** Data extracts **
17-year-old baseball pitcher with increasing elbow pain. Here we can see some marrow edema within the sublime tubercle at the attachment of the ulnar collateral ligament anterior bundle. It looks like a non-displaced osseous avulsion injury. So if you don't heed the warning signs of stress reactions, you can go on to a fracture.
* * *
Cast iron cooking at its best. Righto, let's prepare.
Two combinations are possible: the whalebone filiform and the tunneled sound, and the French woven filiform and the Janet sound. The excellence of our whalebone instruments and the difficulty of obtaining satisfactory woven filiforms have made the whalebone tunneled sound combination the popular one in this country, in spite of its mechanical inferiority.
---
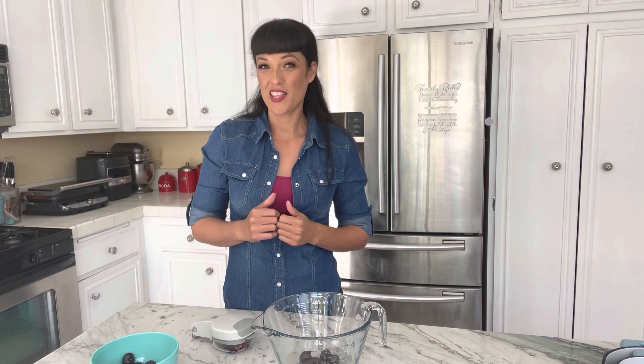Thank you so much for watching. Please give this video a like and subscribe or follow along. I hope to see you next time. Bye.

** Problem to work on **
Where the data above reaches the line holding "Cast iron cooking", begin printing, and stop after the line holding "Two combinations are". Each line must be reproduced exactly, with nothing else added.

** Reply **
Cast iron cooking at its best. Righto, let's prepare.
Two combinations are possible: the whalebone filiform and the tunneled sound, and the French woven filiform and the Janet sound. The excellence of our whalebone instruments and the difficulty of obtaining satisfactory woven filiforms have made the whalebone tunneled sound combination the popular one in this country, in spite of its mechanical inferiority.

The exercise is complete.